Nel bilancio vanno aggiunte due promesse mantenute: l’abolizione dell’Ici sulla prima casa e la detassazione degli straordinari. Misure discutibili non quanto a popolarità, ma quanto a efficacia e calcolo delle loro conseguenze sui bilanci pubblici, locali e nazionali. Sui quali peserà complessivamente un robusto taglio della spesa, fissato in 35 miliardi di euro in tre anni dalla manovra approvata in questi giorni dalle Camere.
Il premier ha promesso che a settembre darà il via ad altre tre riforme: federalismo fiscale, giustizia, nuova legge elettorale per le "europee" del 2009. Il problema è se riuscirà anche in questi casi a superare tutte le difficoltà politico-procedurali con il medesimo decisionismo finora dimostrato, perché, almeno per il federalismo fiscale e la legge elettorale, la coalizione di Governo dovrà fare i conti con le proprie divisioni interne, soprattutto fra Lega e An.

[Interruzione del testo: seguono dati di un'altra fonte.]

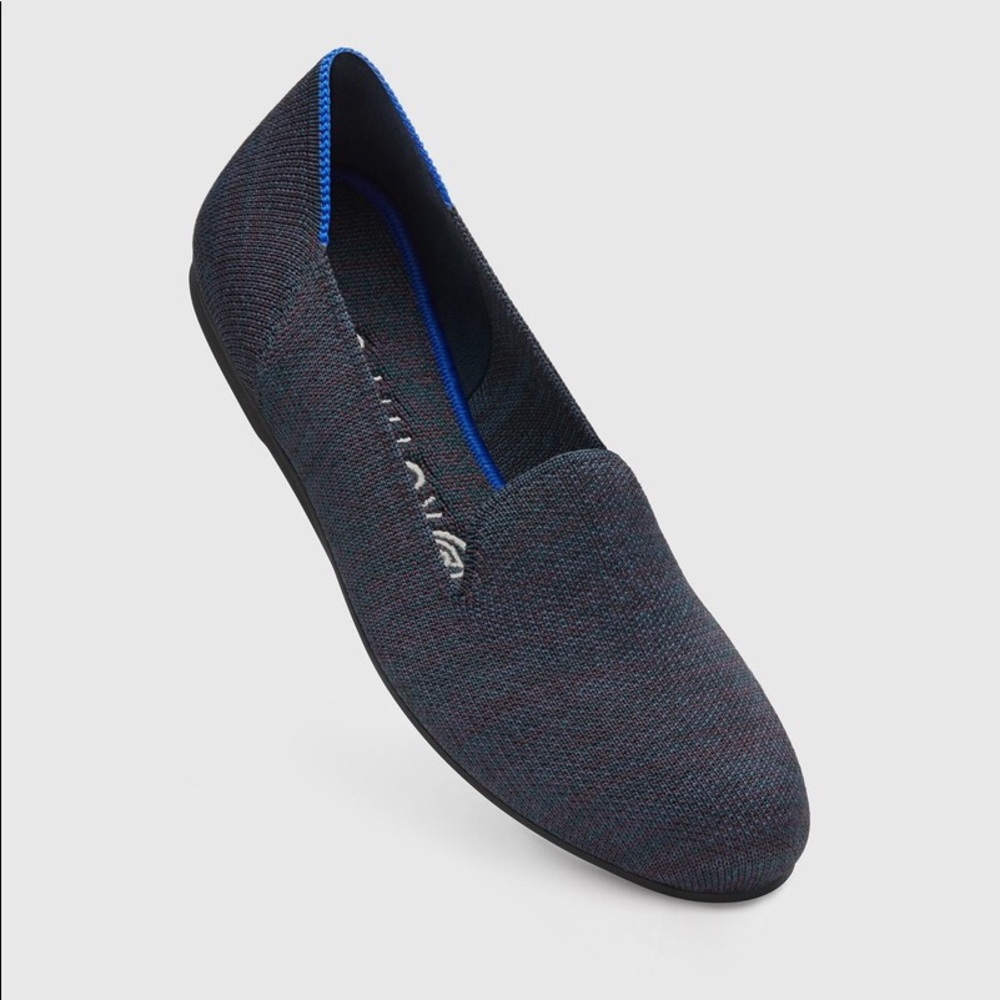 RETIRED RARE Rothy’s Navy heather loafer size 8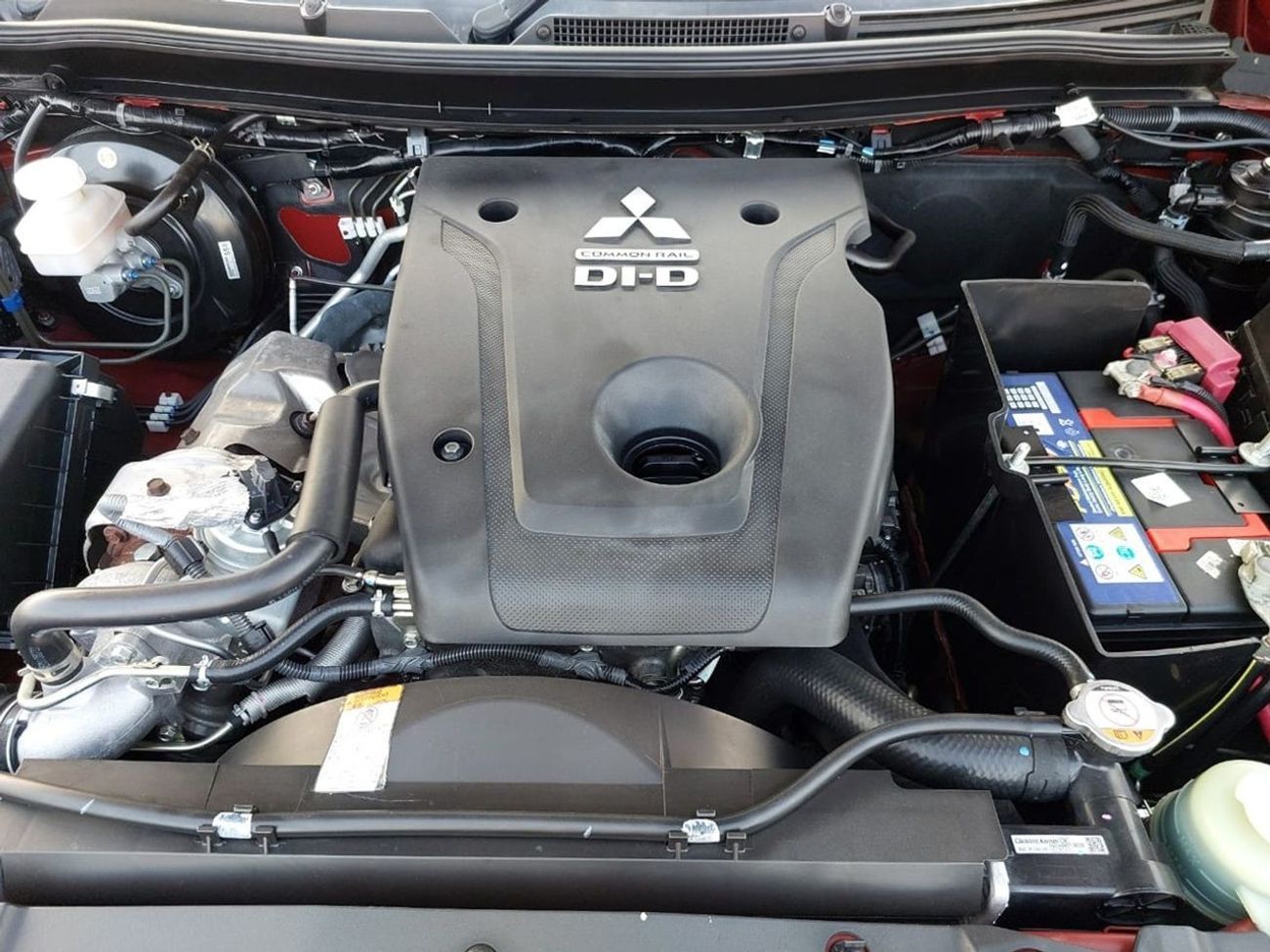 ميتسوبيشي تريتون MITSUBISHI TRITON GSR PICK UP RHD 2021 MODEL 2.4 L DIESEL AUTOMATIC(PM05054)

Berlusconi ha detto che la politica da lui attuata fin qui "è di sinistra", perché la social card di 400 euro per un milione e duecentomila pensionati poveri, o il fondo speciale per l’acquisto della prima casa da parte di giovani coppie o single sono senz’altro misure "sociali". Come è facile per chiunque approvare le sforbiciate ai compensi di alti funzionari pubblici e di consulenti (però non ai parlamentari).
Ma i tagli alla sanità, alle università, alla sicurezza (polizia, carabinieri, tribunali), alla scuola (87 mila insegnanti in meno), agli enti locali evocano altri paragoni, tradizionalmente di destra, come la deregulation di Reagan o la politica della signora Thatcher verso il sindacato.
Ciò che conta, tuttavia, non sono le parole. Contano gli atti. Gli ultimi due esempi sono chiari. La proclamazione dello "stato d’emergenza" in tutte le Regioni a proposito dell’immigrazione (clandestina o meno) ha riacceso la polemica che si stava chiudendo circa le impronte digitali sui bambini rom (a Roma non rilevate). Il Vaticano ha fatto sapere che «occorre salvaguardare l’equilibrio fra accoglienza e sicurezza» e «il rispetto dei diritti umani di tutti i lavoratori migranti».
E poi la decisione, presa con un emendamento del Pdl al decreto fiscale triennale, di non concedere più ai precari il reintegro a tempo indeterminato del posto perduto con un ricorso al giudice, il quale potrà riconoscere solo un’indennità pari al massimo a sei mensilità: una norma per salvare le Poste da un eccesso di ricorsi, ma che forse sarà rivista.
Una ricerca del 2006 dell’Isfol e dell’Istat segnalava la presenza in Italia di 3 milioni 757 mila precari. Chi voglia sapere cos’è una vita da precario legga un libro insieme divertente e amaro: Stagista a 40 anni, di Andrea Bove (Riccadonna Editori).